Correction : KEN is due to list on ASX on 17 Sept. I've started a thread on this one some weeks back.


----------



## Smurf1976 (17 August 2007)

insider said:


> I guess it's how you ask questions... for example If I said would you like 120 meter tall, bird killing, noisy structures in your back yard to cut co2 emmissions? you'd say no... But If I said would you like to stop global warming, improve air quality for you and your kids and save our planet and precious rear and endangered species around the world? then you'd say yes... I bet AGL or perhaps more so the government seeing as the process actually topped at them, for their own reasons asked the wrong question... probably to help the coal industry or something... just My opinion anyway



More likely it's to help the gas industry. That's who usually wins when some other power source is opposed by environmentalists.


----------



## purple (18 August 2007)

anyone read about the mine disaster in China and the imminent deaths of 180 trapped miners?
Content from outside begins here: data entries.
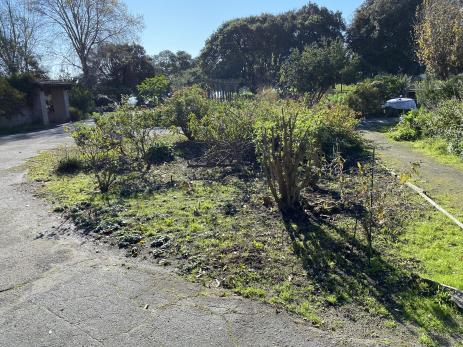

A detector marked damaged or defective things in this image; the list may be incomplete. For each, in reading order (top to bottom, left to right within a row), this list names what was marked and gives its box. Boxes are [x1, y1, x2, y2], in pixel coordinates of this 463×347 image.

cracked asphalt [0, 126, 358, 346]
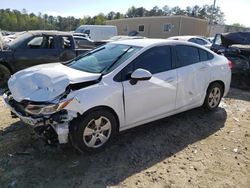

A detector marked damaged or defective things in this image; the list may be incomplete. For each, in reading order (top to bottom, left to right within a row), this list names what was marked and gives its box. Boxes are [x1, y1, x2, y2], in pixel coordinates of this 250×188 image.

broken headlight [24, 97, 73, 115]
crumpled front hood [8, 62, 101, 101]
damaged white car [2, 39, 231, 152]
http://www.smh.com.au/news/world/race-to-save-chinese-miners/2007/08/18/1186857821088.html

ghastly and saddening...the loss of lives. Beaconsfield is still fresh in our minds.

but if I could take the situation from a purely trading perspective, here is an interesting paragraph from that article :

"China is now keenly exploring clean and renewable energy resources such as wind power, bio-fuels and gas to reduce reliance on coal, although experts say wholesale conversion is unlikely for financial reasons and because of lack of technology."
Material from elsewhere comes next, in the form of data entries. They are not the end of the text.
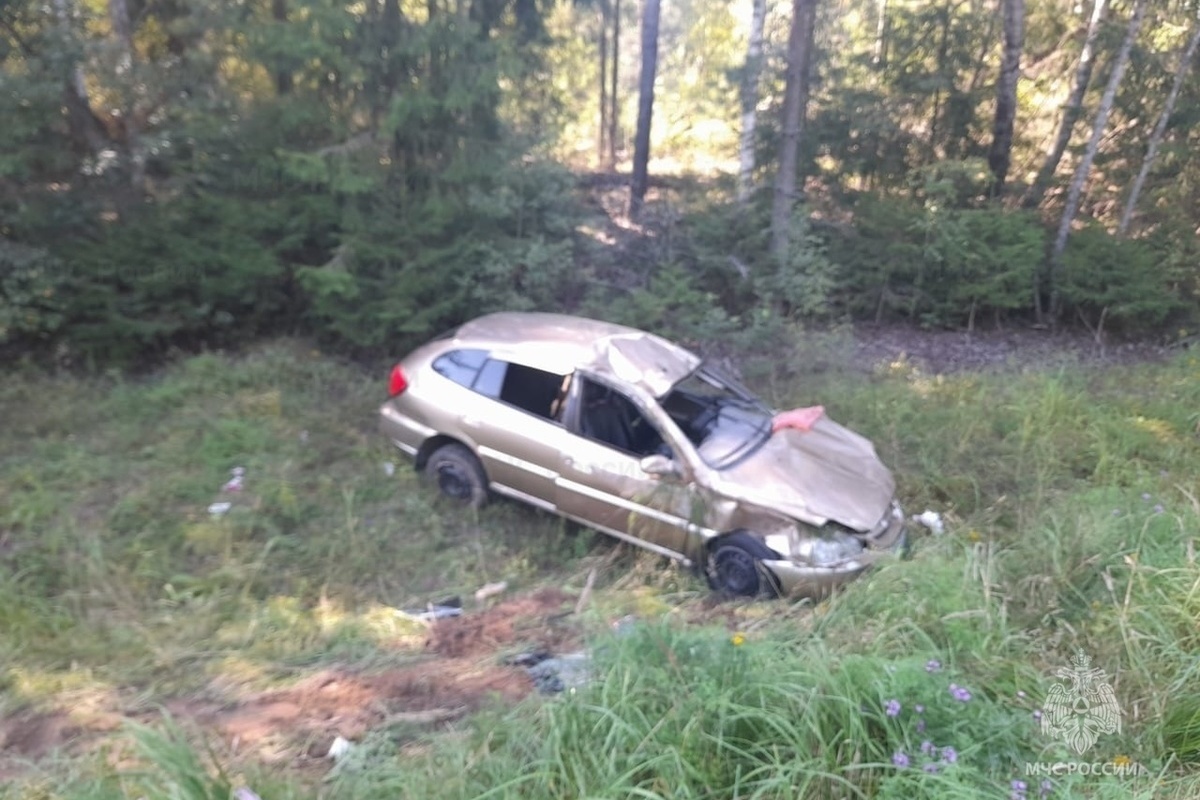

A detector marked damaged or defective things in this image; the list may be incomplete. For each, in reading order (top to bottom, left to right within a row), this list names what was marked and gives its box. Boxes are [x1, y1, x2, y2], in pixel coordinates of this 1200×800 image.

broken car window [576, 380, 672, 460]
crashed golden car [380, 310, 904, 592]
shattered windshield [660, 368, 772, 472]
broken car window [660, 368, 772, 472]
damaged hood [712, 412, 892, 532]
check out the recent IPO last month, of a wind turbine producer in China (back on post #25 ) : https://www.aussiestockforums.com/forums/showpost.php?p=184742&postcount=25

watching all these world events, i can only speculate that green energy would be very high up on China's agenda. 

true, we cannot export green energy like our metals. the only way stocks like WHN or other renewables could benefit is to export the technology.

but still, the sector benefits from all this hype.


----------



## Ageo (10 September 2007)

Update:

Finally this IPO is listing today at 11am (sydney time).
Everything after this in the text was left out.